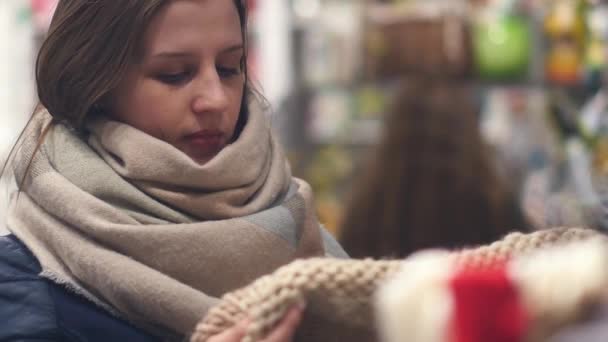 Egy fiatal nő a boltban válassza ki a ruhát meleg télen — Stock videók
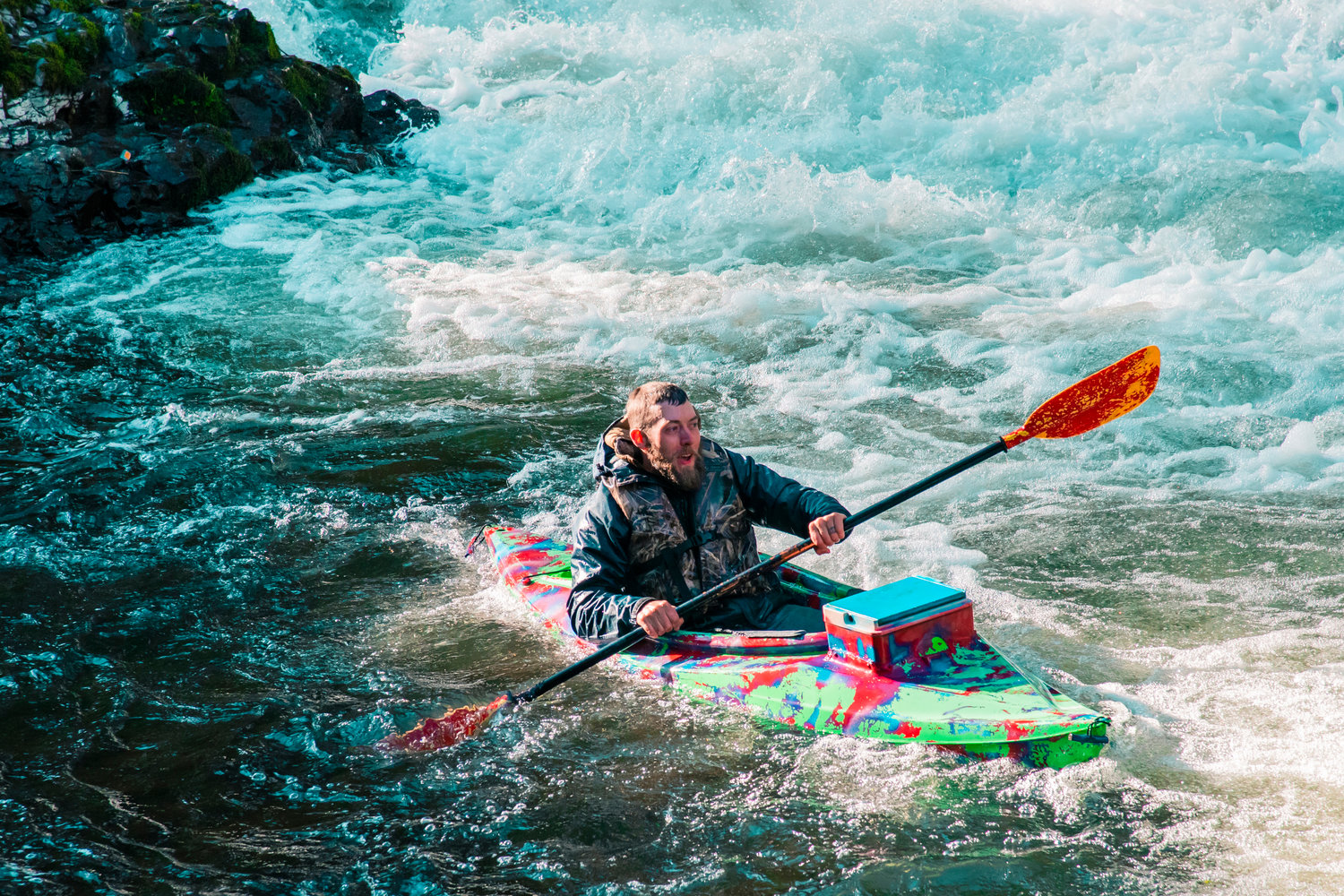 A kayaker paddles out of the Chehalis River after going over Rainbow Falls during the Pe Ell River Run on Saturday.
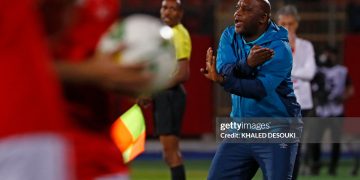 Pitso Mosimane reacts during the CAF Champions League semi-final match between Egypt's al-Ahly and Algeria's ES Setif (Photo by KHALED DESOUKI/AFP via Getty Images)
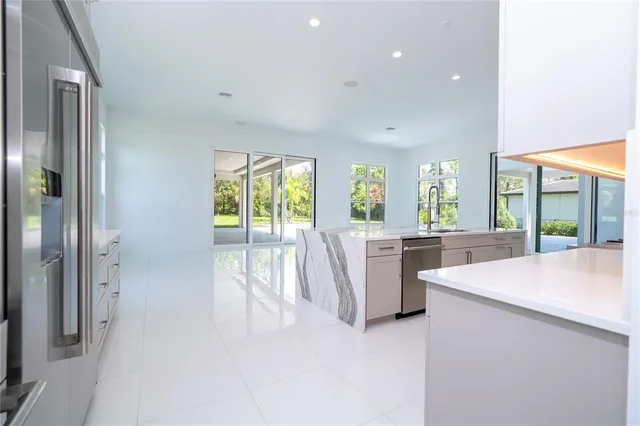 a bathroom with a shower a toilet and a sink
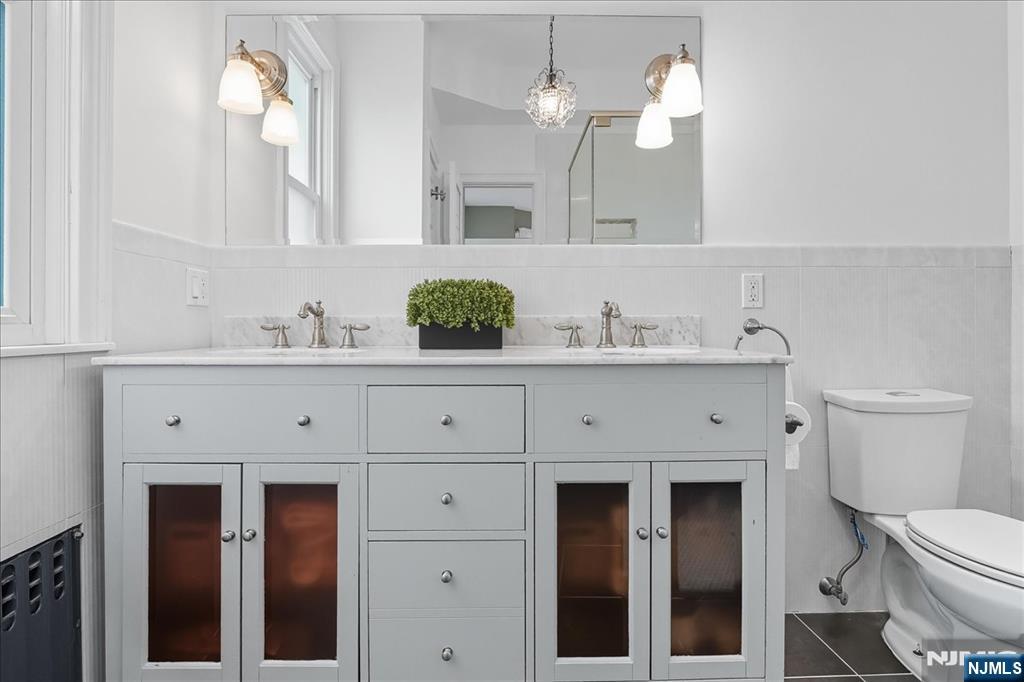 56-58 Bonn Place Weehawken, NJ 07086 - Photo 18 of 29 a bathroom with a sink and a mirror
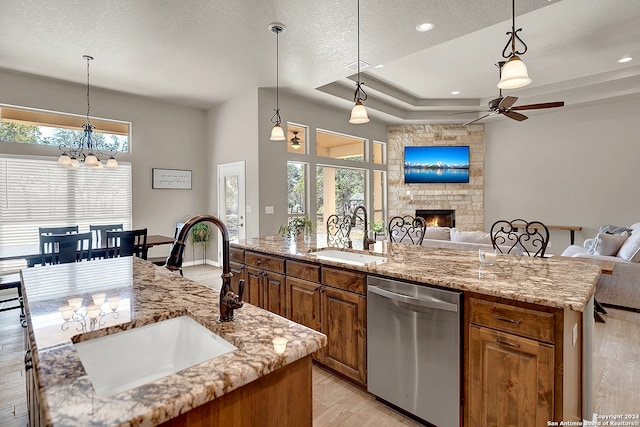 kitchen featuring stainless steel dishwasher, a fireplace, a center island with sink, and sink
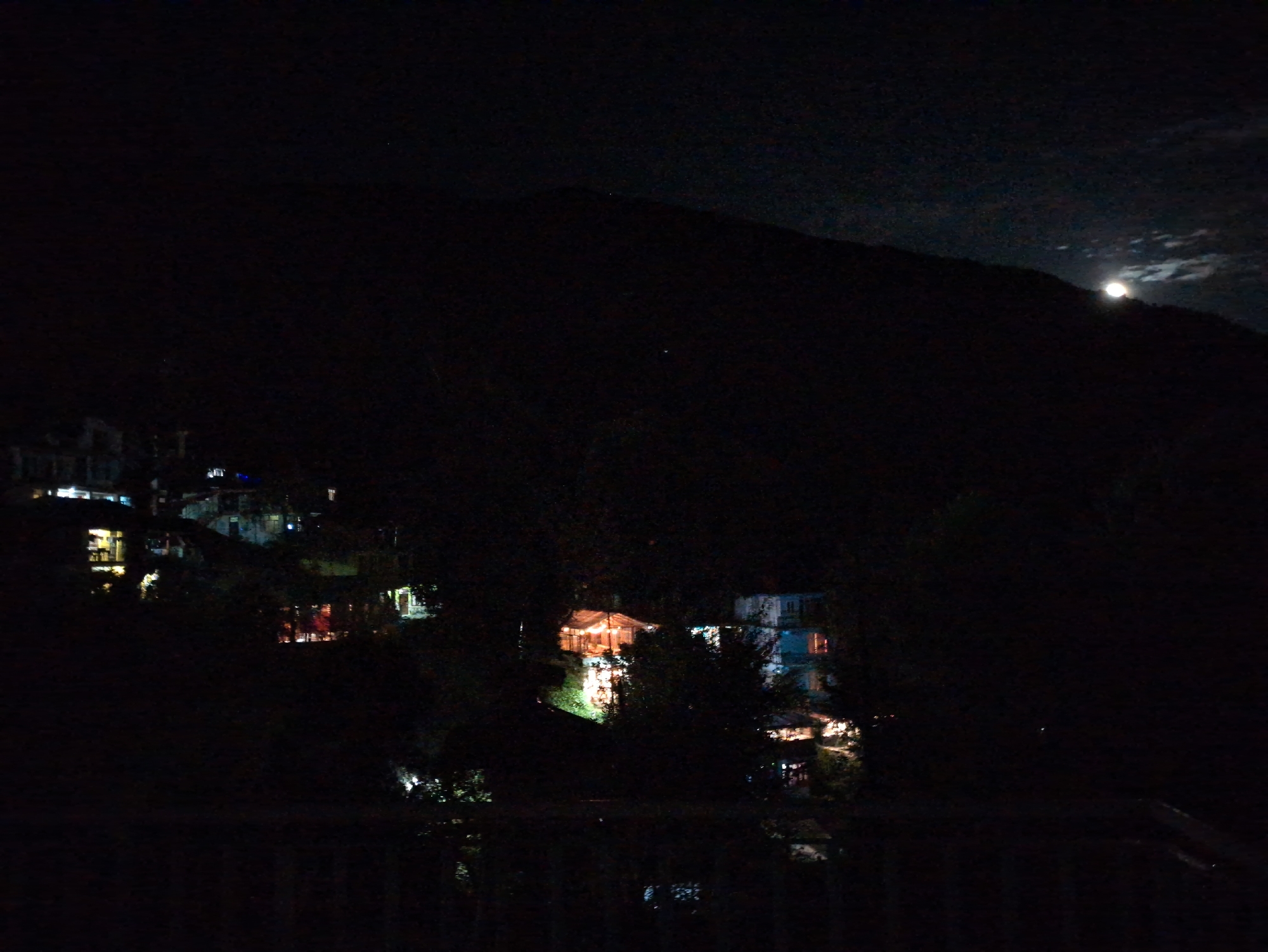 The image depicts a nighttime scene in Bhagsu, India, characterized by darkness and the glow of artificial lights. A large, dark mountain or hillside dominates the background, with the moon visible in the upper right quadrant, partially obscured by clouds. Several buildings are scattered across the lower portion of the hillside, their windows and exteriors illuminated by warm, yellow and white lights, suggesting they are residences or establishments. These lights create a contrast against the deep black of the night sky and the unlit portions of the landscape. The foreground appears to be a dark railing or balcony, implying the vantage point from which the photograph was taken. The overall atmosphere is serene and quiet, indicative of a tranquil night in a mountainous region.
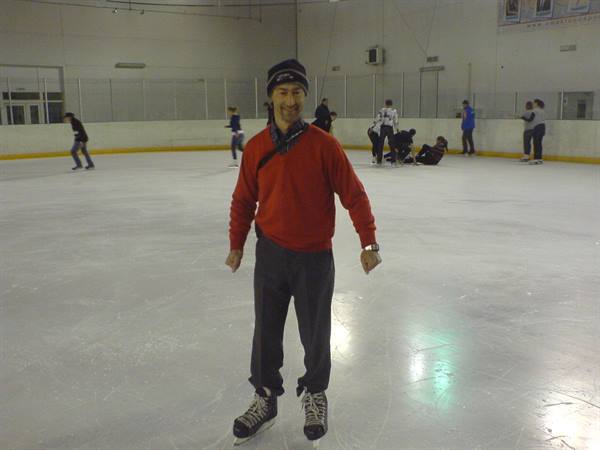 Man in red sweater and beanie skating on indoor ice rink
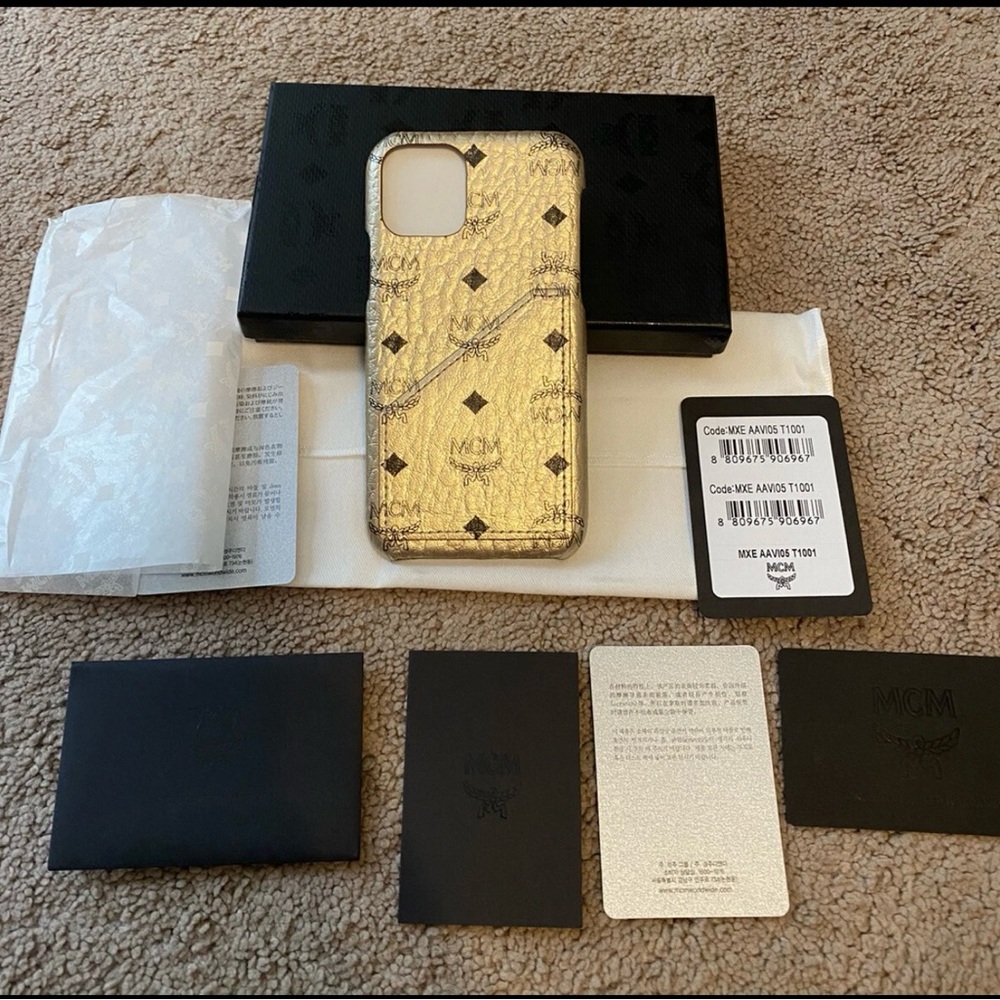 NWT MCM iPhone 11 Pro case in Berlin gold color w/card slot.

Problem -> What is needed is every record above, returned exactly, with the pictures omitted.

Written answer ->
 Egy fiatal nő a boltban válassza ki a ruhát meleg télen — Stock videók
 A kayaker paddles out of the Chehalis River after going over Rainbow Falls during the Pe Ell River Run on Saturday.
 Pitso Mosimane reacts during the CAF Champions League semi-final match between Egypt's al-Ahly and Algeria's ES Setif (Photo by KHALED DESOUKI/AFP via Getty Images)
 a bathroom with a shower a toilet and a sink
 56-58 Bonn Place Weehawken, NJ 07086 - Photo 18 of 29 a bathroom with a sink and a mirror
 kitchen featuring stainless steel dishwasher, a fireplace, a center island with sink, and sink
 The image depicts a nighttime scene in Bhagsu, India, characterized by darkness and the glow of artificial lights. A large, dark mountain or hillside dominates the background, with the moon visible in the upper right quadrant, partially obscured by clouds. Several buildings are scattered across the lower portion of the hillside, their windows and exteriors illuminated by warm, yellow and white lights, suggesting they are residences or establishments. These lights create a contrast against the deep black of the night sky and the unlit portions of the landscape. The foreground appears to be a dark railing or balcony, implying the vantage point from which the photograph was taken. The overall atmosphere is serene and quiet, indicative of a tranquil night in a mountainous region.
 Man in red sweater and beanie skating on indoor ice rink
 NWT MCM iPhone 11 Pro case in Berlin gold color w/card slot.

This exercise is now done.